- _Aim of the exercise_: Copy precisely the first line of the material below and every later line, stopping with the line that contains "2020 Volvo V60 Cross Country T5".

- _Data supplied_:
····················
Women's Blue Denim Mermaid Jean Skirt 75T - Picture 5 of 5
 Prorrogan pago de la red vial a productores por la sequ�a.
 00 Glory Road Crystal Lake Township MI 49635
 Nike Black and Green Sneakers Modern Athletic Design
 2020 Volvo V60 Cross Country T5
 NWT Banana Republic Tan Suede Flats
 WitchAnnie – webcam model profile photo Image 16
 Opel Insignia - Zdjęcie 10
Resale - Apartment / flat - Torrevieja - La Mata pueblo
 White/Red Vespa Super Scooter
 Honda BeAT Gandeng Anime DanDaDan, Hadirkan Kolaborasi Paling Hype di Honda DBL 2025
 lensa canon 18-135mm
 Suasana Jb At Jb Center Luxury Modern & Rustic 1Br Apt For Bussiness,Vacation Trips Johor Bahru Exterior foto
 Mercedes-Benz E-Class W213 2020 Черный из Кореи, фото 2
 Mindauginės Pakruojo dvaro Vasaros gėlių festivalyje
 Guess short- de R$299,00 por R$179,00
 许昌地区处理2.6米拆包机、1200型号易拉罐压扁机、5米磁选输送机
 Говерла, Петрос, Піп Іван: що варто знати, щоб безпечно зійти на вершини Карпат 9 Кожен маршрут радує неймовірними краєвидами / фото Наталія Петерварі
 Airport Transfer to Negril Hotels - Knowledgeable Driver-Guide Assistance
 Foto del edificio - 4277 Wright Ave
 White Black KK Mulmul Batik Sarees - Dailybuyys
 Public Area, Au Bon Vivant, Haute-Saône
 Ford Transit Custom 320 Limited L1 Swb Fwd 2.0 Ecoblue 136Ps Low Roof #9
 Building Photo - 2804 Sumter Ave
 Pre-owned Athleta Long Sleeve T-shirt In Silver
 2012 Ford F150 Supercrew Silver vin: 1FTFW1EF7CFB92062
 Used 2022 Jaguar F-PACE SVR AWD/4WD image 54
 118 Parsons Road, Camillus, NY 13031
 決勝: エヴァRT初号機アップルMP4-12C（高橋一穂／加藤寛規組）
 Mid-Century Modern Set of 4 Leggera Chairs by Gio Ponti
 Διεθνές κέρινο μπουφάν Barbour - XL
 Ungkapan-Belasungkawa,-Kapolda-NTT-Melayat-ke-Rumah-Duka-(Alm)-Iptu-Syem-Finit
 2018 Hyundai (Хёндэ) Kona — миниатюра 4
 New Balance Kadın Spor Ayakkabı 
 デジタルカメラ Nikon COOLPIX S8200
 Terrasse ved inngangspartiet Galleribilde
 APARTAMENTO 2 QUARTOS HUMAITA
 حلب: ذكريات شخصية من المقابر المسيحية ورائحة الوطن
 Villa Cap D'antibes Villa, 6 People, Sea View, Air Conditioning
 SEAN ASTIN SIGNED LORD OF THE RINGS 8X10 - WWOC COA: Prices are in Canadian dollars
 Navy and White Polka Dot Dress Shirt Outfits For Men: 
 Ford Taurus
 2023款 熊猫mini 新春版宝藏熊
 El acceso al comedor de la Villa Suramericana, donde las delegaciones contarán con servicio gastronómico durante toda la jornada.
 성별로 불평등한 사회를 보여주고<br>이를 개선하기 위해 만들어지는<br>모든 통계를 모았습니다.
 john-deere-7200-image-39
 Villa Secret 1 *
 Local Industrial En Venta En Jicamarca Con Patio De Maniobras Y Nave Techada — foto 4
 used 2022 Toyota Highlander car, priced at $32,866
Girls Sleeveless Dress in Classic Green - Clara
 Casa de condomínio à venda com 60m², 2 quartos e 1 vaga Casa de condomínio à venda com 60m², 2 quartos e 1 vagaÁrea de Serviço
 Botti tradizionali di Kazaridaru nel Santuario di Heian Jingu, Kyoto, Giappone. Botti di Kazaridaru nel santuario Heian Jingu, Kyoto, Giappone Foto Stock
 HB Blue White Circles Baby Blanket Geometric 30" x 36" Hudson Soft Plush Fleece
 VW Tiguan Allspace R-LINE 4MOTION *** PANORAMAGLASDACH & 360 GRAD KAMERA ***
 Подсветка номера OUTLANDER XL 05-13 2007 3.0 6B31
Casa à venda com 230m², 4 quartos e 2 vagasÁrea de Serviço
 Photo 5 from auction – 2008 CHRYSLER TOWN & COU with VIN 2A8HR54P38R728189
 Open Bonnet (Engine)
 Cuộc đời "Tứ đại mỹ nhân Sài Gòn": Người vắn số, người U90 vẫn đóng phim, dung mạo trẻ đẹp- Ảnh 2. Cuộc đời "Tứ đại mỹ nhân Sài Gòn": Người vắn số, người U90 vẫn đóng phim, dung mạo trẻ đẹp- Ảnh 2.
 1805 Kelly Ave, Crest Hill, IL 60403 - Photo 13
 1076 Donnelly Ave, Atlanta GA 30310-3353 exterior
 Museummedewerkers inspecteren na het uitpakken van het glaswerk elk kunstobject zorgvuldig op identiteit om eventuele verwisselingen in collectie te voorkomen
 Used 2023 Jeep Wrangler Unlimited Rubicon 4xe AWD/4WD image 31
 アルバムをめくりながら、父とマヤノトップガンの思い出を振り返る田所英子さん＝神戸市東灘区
····················
- _Written response_:
Women's Blue Denim Mermaid Jean Skirt 75T - Picture 5 of 5
 Prorrogan pago de la red vial a productores por la sequ�a.
 00 Glory Road Crystal Lake Township MI 49635
 Nike Black and Green Sneakers Modern Athletic Design
 2020 Volvo V60 Cross Country T5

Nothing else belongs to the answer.